Sebab, dengan PP 78 tersebut, kenaikan upah buruh di Yogyakarta hanya 8,25 persen akibat rendahnya nilai inflasi dan pertumbuhan ekonomi nasional. Padahal kenaikan upah dari 2015 ke 2016 meningkat 11,5 persen. Jika semata-mata mengacu pada PP 78, upah di Yogyakarta pada 2017 hanya akan meningkat kurang lebih Rp 100 ribu.
“Kami berharap Sultan sebagai penguasa tertinggi di Yogyakarta lebih bijaksana dalam memutuskan upah sebagai raja yang mengayomi kesejahteraan rakyatnya, terutama buruh,” ujar Aziz. “(Sultan sebagai raja) Kami harap tidak asal manut memakai instruksi menteri dengan PP 78 yang menyengsarakan buruh itu,” kata Aziz.
Para buruh menuntut Sultan menggunakan survei kebutuhan hidup layak dari buruh. Jika menggunakan survei itu, seharusnya kenaikan upah minimum di Yogyakarta pada 2017 rata-rata Rp 650 ribu atau menjadi Rp 2,6 juta.
“Dengan upah Rp 1,5 juta, tak akan pernah ada buruh yang bisa punya kesempatan memiliki rumah. Angka itu terlalu kecil bagi pihak perbankan untuk memberi akses kredit rumah bagi buruh,” ujarnya. Padahal, saat ini, dari survei yang dilakukan terhadap para buruh, ada 90 persen buruh di Yogyakarta belum memiliki rumah.

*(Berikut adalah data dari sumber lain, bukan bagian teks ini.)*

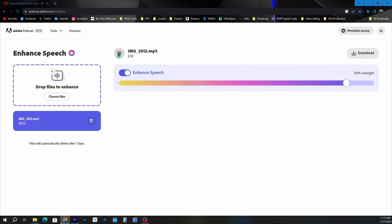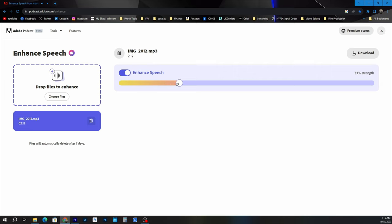Here's a demo of the before and after: audio going from sounding like this to sounding clean and clear like this — recorded straight out of an iPhone — to show that it works with really any microphone.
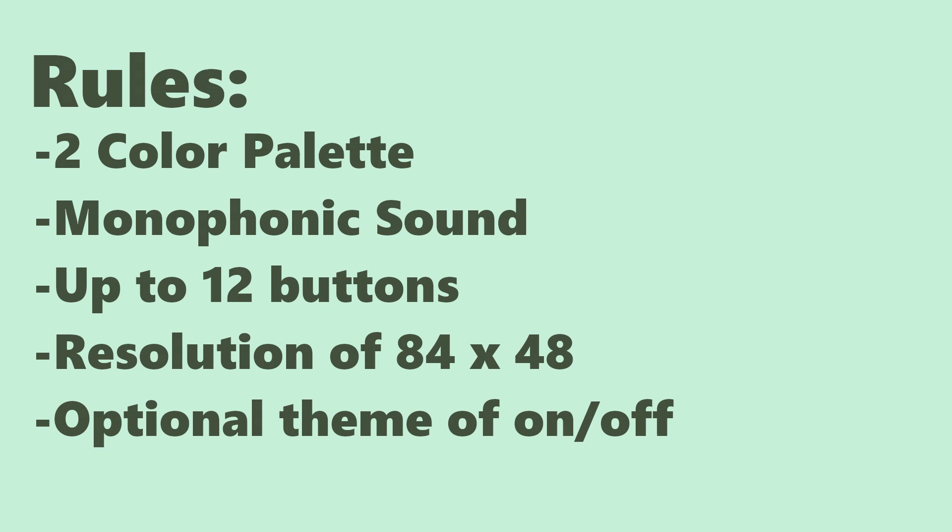Now, there were 316 games submitted to the jam, so I couldn't play through all of them. But, there were a few that stood out to me of the ones I did play.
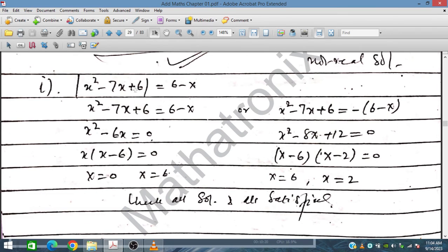For Part I: |X squared minus 7X plus 6| equals 6 minus X. Taking positive and negative modulus cases and solving, we check X equals 0 and X equals 6. Placing X equals 6: 36 minus 42 plus 6 equals 0, and 6 minus 6 equals 0. Both satisfy.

Sekretaris Aliansi Buruh Yogyakarta Kirnadi menuturkan ada lima tuntutan dalam aksi Tapa Pepe buruh pada Senin ini. Pertama, agar Raja Keraton Sultan HB X menegur Gubernur Yogyakarta untuk tidak memakai PP 78 sebagai perhitungan upah minimum. Kedua, agar Sultan HB X menegur Gubernur Yogyakarta untuk menetapkan kenaikan upah minimum rata-rata Rp 650 ribu. Ketiga, meminta Sultan HB X menegur Gubernur Yogyakarta segera menetapkan upah minimum sektoral provinsi. Keempat, agar Sultan HB X menegur Gubernur Yogyakarta mau mempertimbangkan survei kebutuhan hidup layak yang dibuat buruh. Dan kelima, meminta Sultan HB X menegur Gubernur Yogyakarta agar segera merealisasikan perumahan dan melibatkan buruh dalam perencanaannya.
“Sultan sebagai raja, kami harapkan merespons aspirasi rakyatnya kali ini. Tidak seperti gubernur yang selama ini tak merespons,” ujar Kirnadi.

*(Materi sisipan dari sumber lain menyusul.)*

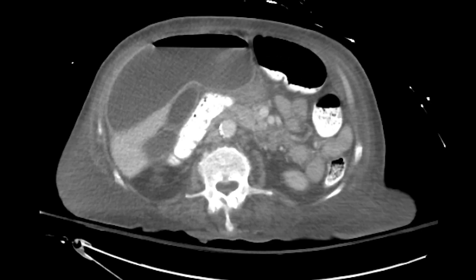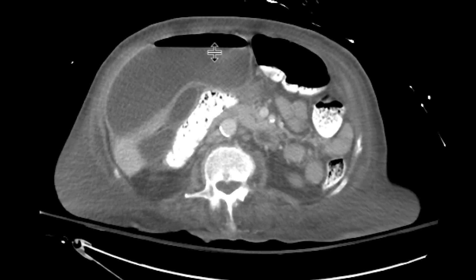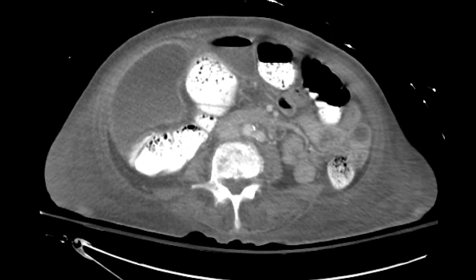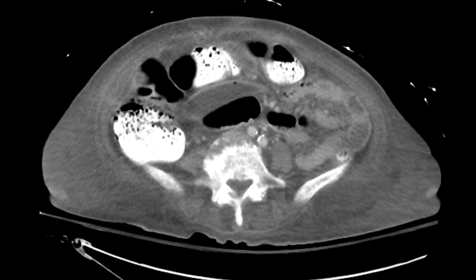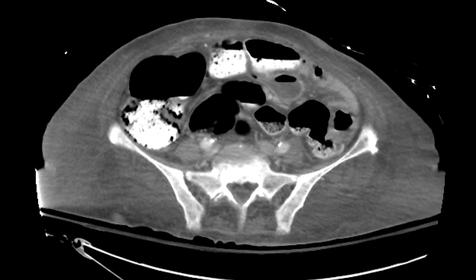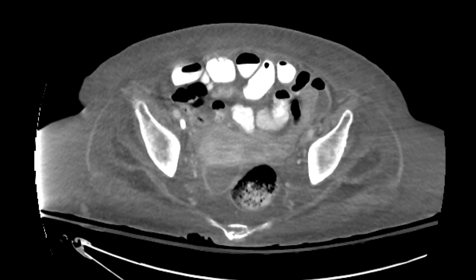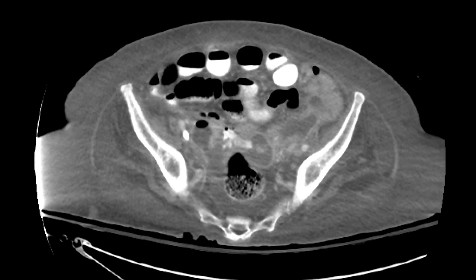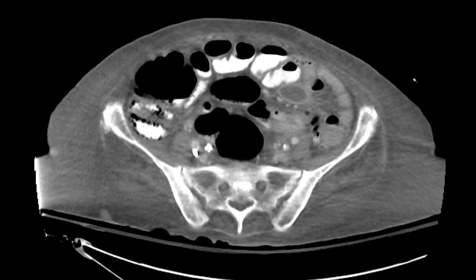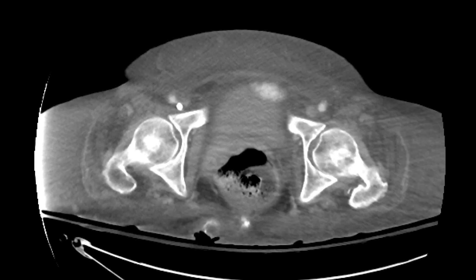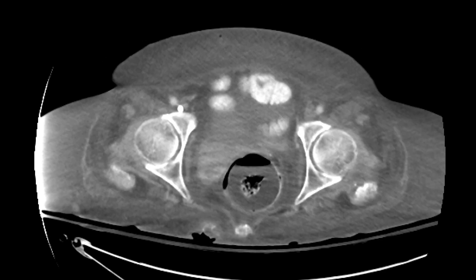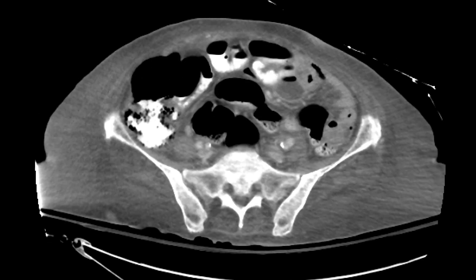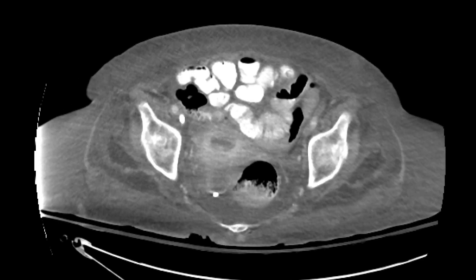As you scroll, you see this large subhepatic collection with an air-fluid level and rim enhancement — a large abscess. Continuing on into the mesentery, scrolling further, you can see additional abscesses in the pelvis: one large one here, communicating with another abscess within the mesentery in the left lower quadrant.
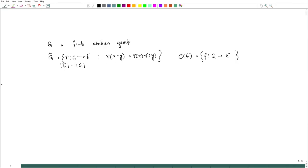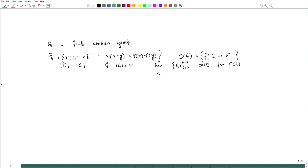If the number of elements is N, then we let gamma_i for i from 0 to N minus 1 be all the characters of G, and they form an orthonormal basis for C(G) with the inner product: ⟨f, g⟩ = (1/|G|) * Σ_{x ∈ G} f(x) * conjugate(g(x)).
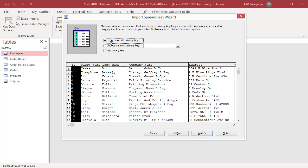Specify a primary key for the table. If you select let Access add primary key, Access adds an auto number field as the first field in the destination table and assigns it as a primary key. Click on next.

Wakil Ketua Konfederasi Serikat Pekerja Seluruh Indonesia DIY Soeharto menuturkan, jika sebagai raja Sultan HB X tetap mendukung pemberlakuan upah murah, ia khawatir konsekuensi sosial yang berlaku. “Rakyat bisa tak percaya lagi ada pengayoman dari rajanya,” ujarnya.

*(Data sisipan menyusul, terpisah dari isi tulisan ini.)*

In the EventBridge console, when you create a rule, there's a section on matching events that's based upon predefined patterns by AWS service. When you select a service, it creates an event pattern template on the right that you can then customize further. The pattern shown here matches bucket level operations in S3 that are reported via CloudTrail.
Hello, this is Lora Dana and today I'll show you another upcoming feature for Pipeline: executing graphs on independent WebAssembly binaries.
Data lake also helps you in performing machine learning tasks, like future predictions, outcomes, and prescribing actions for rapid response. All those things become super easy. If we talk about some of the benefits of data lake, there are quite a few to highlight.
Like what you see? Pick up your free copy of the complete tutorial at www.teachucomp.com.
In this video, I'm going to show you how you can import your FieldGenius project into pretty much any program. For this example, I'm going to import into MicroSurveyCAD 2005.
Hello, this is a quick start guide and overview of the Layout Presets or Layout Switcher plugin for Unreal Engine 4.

Sebelumnya, Gubernur Yogyakarta sekaligus Raja Keraton Yogyakarta Sri Sultan Hamengku Buwono X mengatakan proses pembahasan upah 2017 masih terus berlangsung sampai Senin, 31 Oktober 2016, sebelum ia umumkan pada Selasa, 1 November 2016.
Namun Sultan belum mau berkomentar jauh terkait dengan usulan yang disampaikan pemerintah kabupaten/kota kepada dirinya. “Kosek lah, ojo saiki (Sebentar, jangan sekarang),” ujar Sultan.